現金や不動産、動産など、財産をあげたときには贈与税が課されることがあります。そしてこの贈与税と相続税は、本来別物ではあるものの実は深い関係性を持っています。
実際、一方の課税を免れるために対策を取っても他方が課されてしまうというケースが多いです。また、場合によっては二重に課されてしまうおそれもあります。これを防ぐために重要な制度が「贈与税額控除」です。以下でその内容を見ていきましょう。
贈与税額控除は二重課税を防ぐための制度
相続税対策の一つに「贈与」があります。
生前に財産を渡しておくことで相続による財産の移転を少なくし、課税額を下げるというやり方です。しかしこの贈与をしたとしても相続税の計算に含まれるケースがあります。しかも、それが常に贈与税のことを考慮した計算になっているとは限らず、そのままだと二重に課税されてしまうことがあります。
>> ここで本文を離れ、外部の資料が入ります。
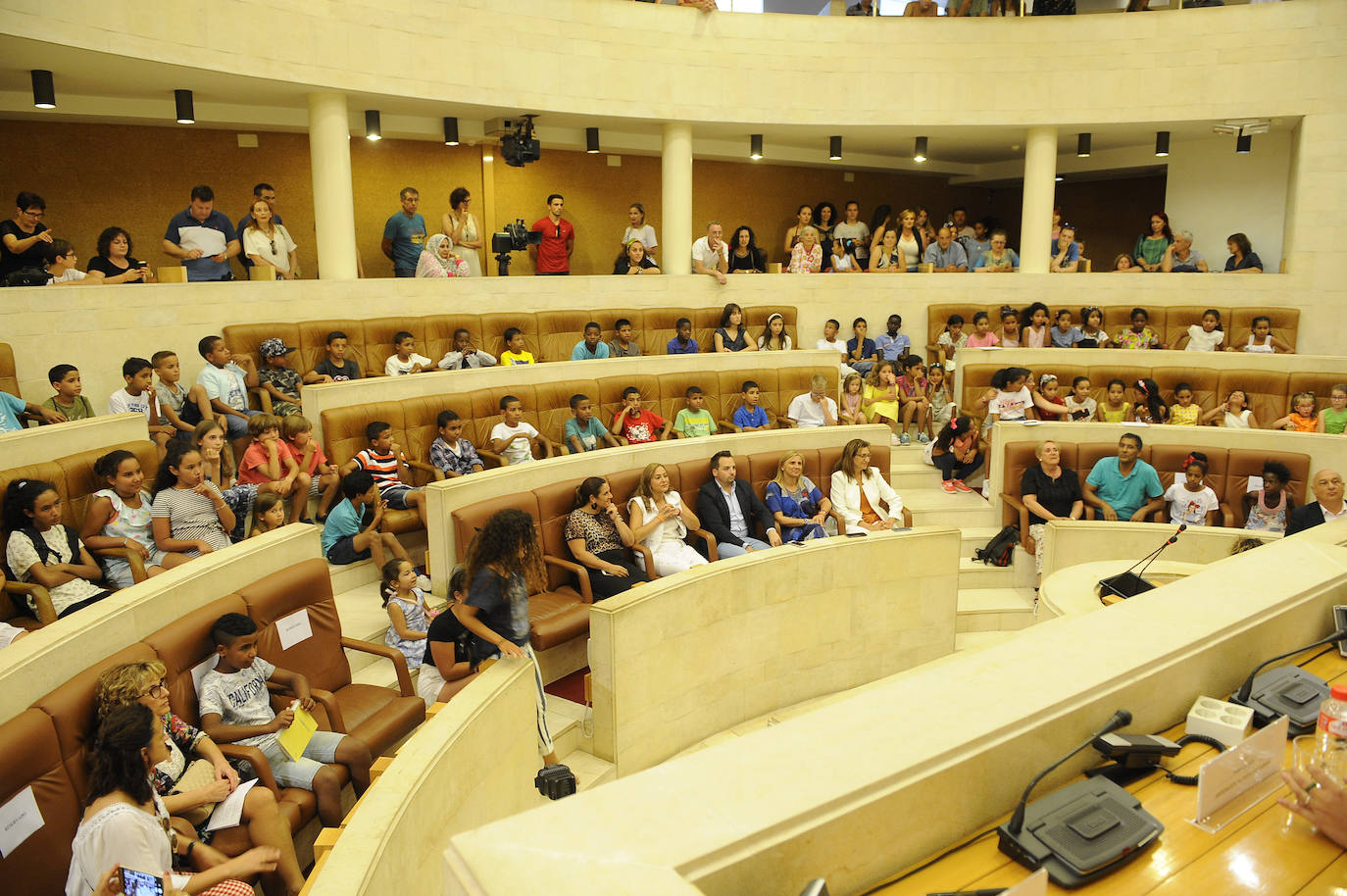 Los 81 niños del programa Vacaciones en Paz visitan el hemiciclo para llamar la atención sobre su situación en los campos de refugiados de Tinduf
例えば贈与税においては基礎控除額である年間110万円までは非課税ですが、110万円以下の贈与をしていたとしても相続直前に行われたのであれば全額が相続税の計算に含まれてしまいます。110万円を超えていた場合には、すでに贈与税を納めているにもかかわらず相続税の納税をしないといけなくなってしまいます。
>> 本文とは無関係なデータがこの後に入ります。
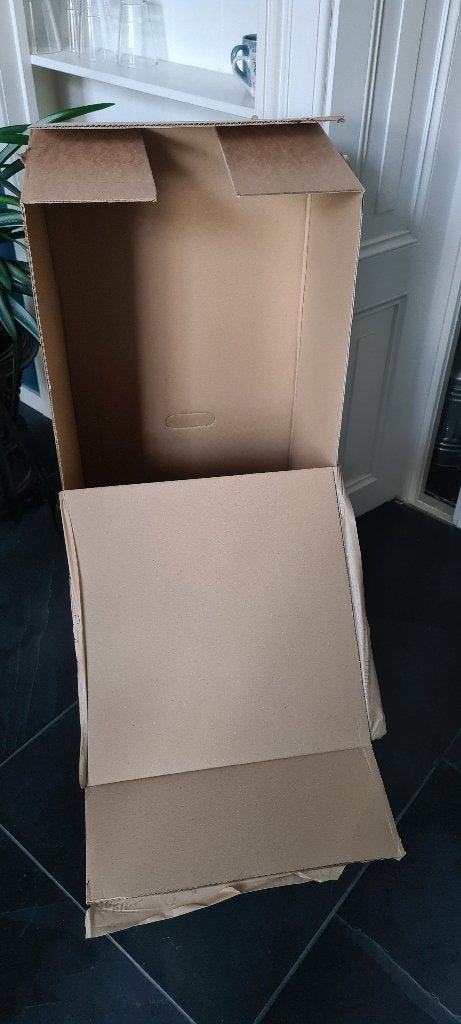 Gratis grote (planten) verhuisdoos, Ophalen, Doos, 40 tot 60 cm, Minder dan 50 cm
しかし、過剰な負担がかかっている状態ですので、その分を「贈与税額控除」として是正するのです。
二度目の課税機会がやってきたときに活躍します。相続税の金額から、すでに支払った税額を一定のルール内で引くことができます。
申告は必要
贈与税額控除は二重課税を避けるために重要な制度ですが、自動的に適用されるわけではありません。そのため、納税者が自ら気をつけて、計算し、申告などの手続をとらなくてはなりません。
税の計算は非常に複雑ですし、様々なルールを知っておかなければ正確な値を算出できません。法改正がなされることも多いですし、昔に知った情報がすでに古くなってしまっていることもあります。
そのため実際に申告する場合には税理士等の専門家にサポートしてもらいつつ、進めることが大切です。
なお、こういった手続のことを更正の請求と呼びますが、相続税の申告期限から5年以内であれば有効ですので、急いでする必要はありません。もちろん、証明できる書類等がなくならないうちにできるだけ早く済ませておくべきですが、急いで自分で行うことなく、正確に、確実に行うようにしましょう。
贈与税額控除の2パターン
贈与税額控除が登場する場面としては主に2パターンが挙げられます。
1つは「生前贈与加算」が適用されることによる二重課税を避ける場面。もう1つは「相続時精算課税」が関係する場面です。
いずれも、一定額を超えた贈与分につき贈与税をすでに納めていることが条件です。相続時精算課税については期間の制限がないため、かなり昔の課税が問題になることもあります。そのため二重課税を避けるためにも、できるだけ資料は残しておくということが大事になるでしょう。